The majority of people you are connected with on a social platform are not actively engaging; but that doesn’t mean they aren’t paying attention. Your words, and your demeanor online are noted by many people. Even if you are engaged in a back-and-forth discussion with someone who disagrees vehemently with you, there is still an opportunity to influence a very large audience of people who are reading along, silently.
Take your time responding.
One of the advantages of discussion on the internet is that you are not required to respond immediately. You can take your time and think through your response. You can even type a response and ask a friend privately to review it before you post it. During heated discussions it’s easy to go on a spree, responding immediately to things people post; but by taking your time and responding with thoughtfulness, you will maintain control of the conversation.
Speak from your personal point of view.
It is very difficult to argue against personal experiences. Making a statement like “Drivers in Austin, Texas are crazy!” is open to every kind of argument; but making a statement like, “In my experience, drivers in Austin, Texas can be very unpredictable,” is hard to argue with. Even if someone disagrees with your experience, the way the statement is phrased opens up a conversation, rather than starts an argument.
Graciousness, especially in the face of disagreement, is missing from most of our interactions online and offline these days. Being willing to thank someone for engaging with you even if you don’t come to the same conclusions is more than good manners. It’s a sign of maturity.
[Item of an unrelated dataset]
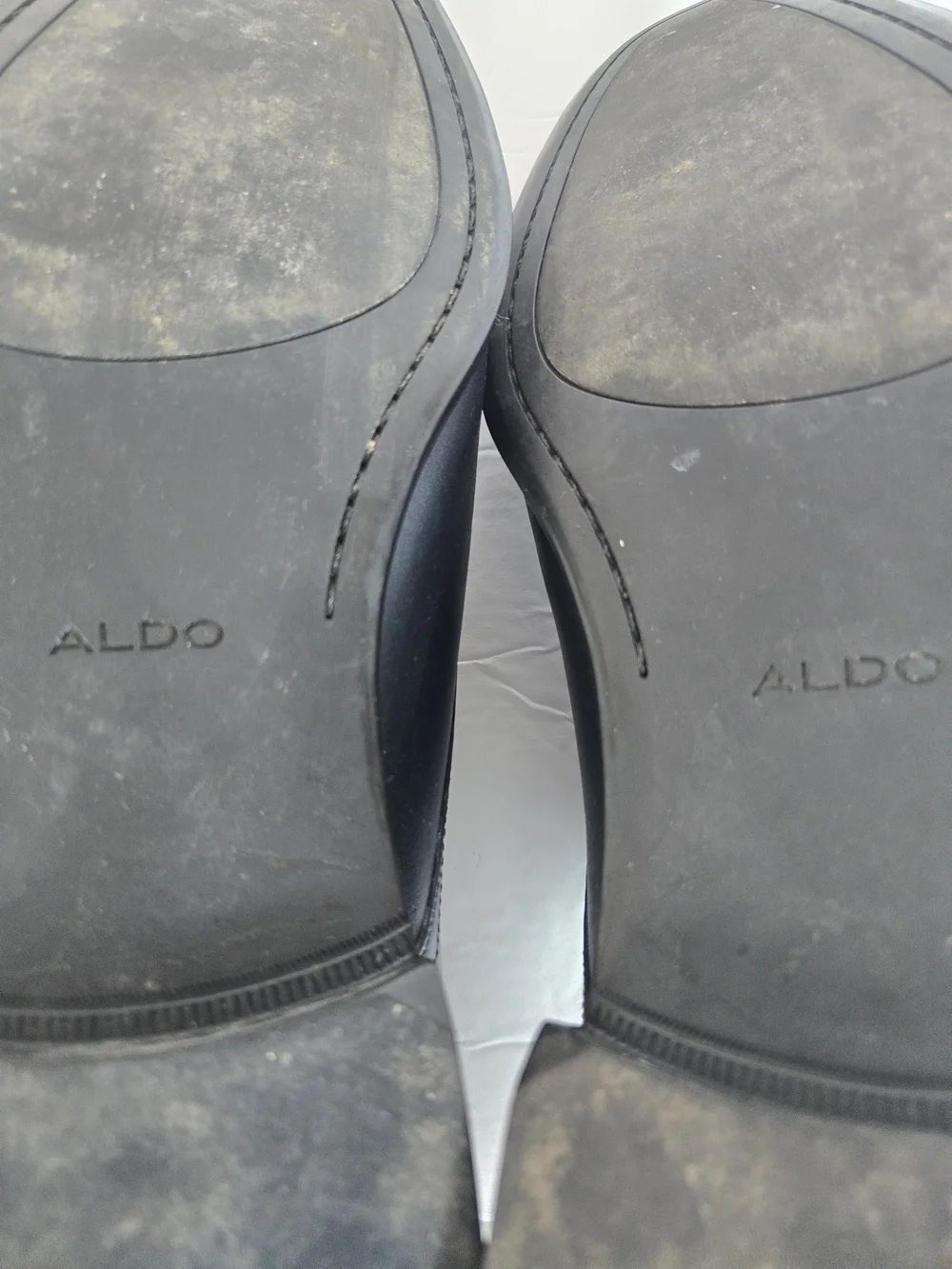 Aldo sleek black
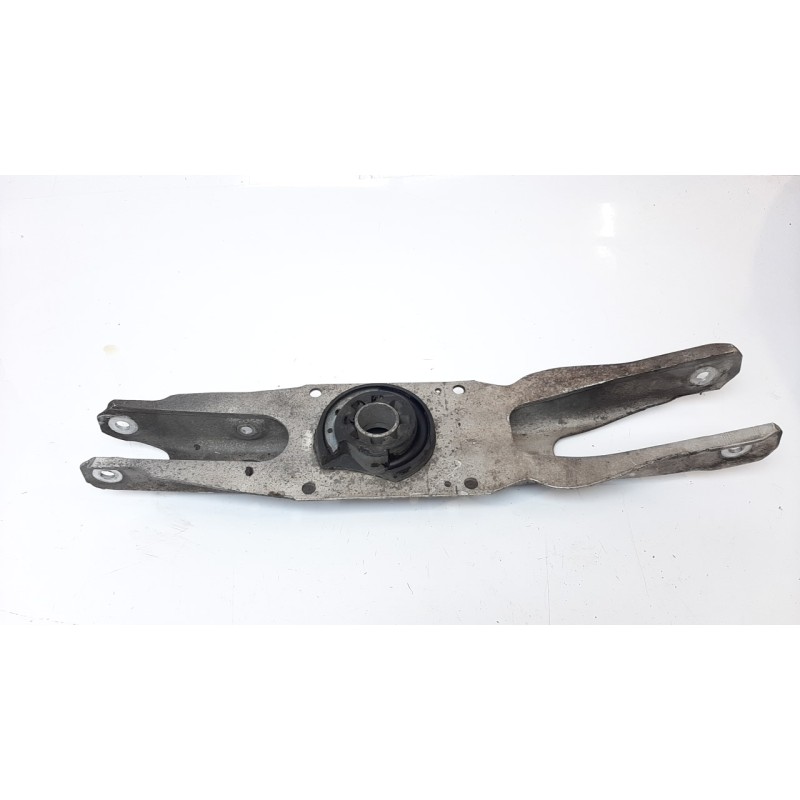 Recambio de brazo suspension inferior trasero izquierdo para mercedes-benz clase a (w176) 2.1 cdi cat referencia OEM IAM A246352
When you’re gracious, you honor the other person as a thinking, intelligent adult – and are willing to extend the benefit of the doubt that the experiences/information that led them to a different conclusion from yours may be valid.
Call out people from your own community.
Calling out bad behavior in your own community is another way to keep the standards of engagement high, and it shows accountability. Conversely, glossing over the horrible things people ‘on your team’ are doing, or justifying bad behavior with a ‘they did it too!’ argument is weak and destroys your ability for thinking people to take you seriously.
Check. Your. Sources.
This may be the most important tip of all. The internet is rife with fake ‘news’ sources, blogs and media outlets that are not beholden to journalistic standards of professional ethics. Photos are doctored, eyewitness accounts are unverified. Confirmation biases are bolstered by this type of media, making it a challenge to find (the whole) truth about any situation. This is even more true about the media created around conflict where there are people actively churning out biased and spun information to rally support. Before sharing articles, videos and photos – know who created them, what their credentials are and make an attempt to verify them by multiple sources.
Be willing to admit mistakes.
Finally, the ability to admit mistakes is the hallmark of an intelligent and conscious person. Mistakes happen, even despite our best efforts – whether we have an off day and respond badly to a situation, or share something that ends up being untrue. Being willing to stand up and admit your mistakes will bolster your credibility and make everything you say and do far more trustworthy in the end.
All this seems like a lot of effort to engage in conversations that are guaranteed to make you uncomfortable. But as peace-makers we must gently and consistently push back against those who say it’s impossible to have respectful conversations around Israel & Palestine. We must be willing to model the responses we want to see from others. These are essential conversations and having them takes courage. They need to be led by people who have the goal of peace in mind.
Be willing to invest your time and energy; don’t be discouraged if the immediate responses you get from people are less than ideal. Having productive disagreements is not second-nature to any of us. It will take time for you to learn how to do it, and for you to teach those around you how to do it, too. But it is certainly a better alternative to what we see happening now.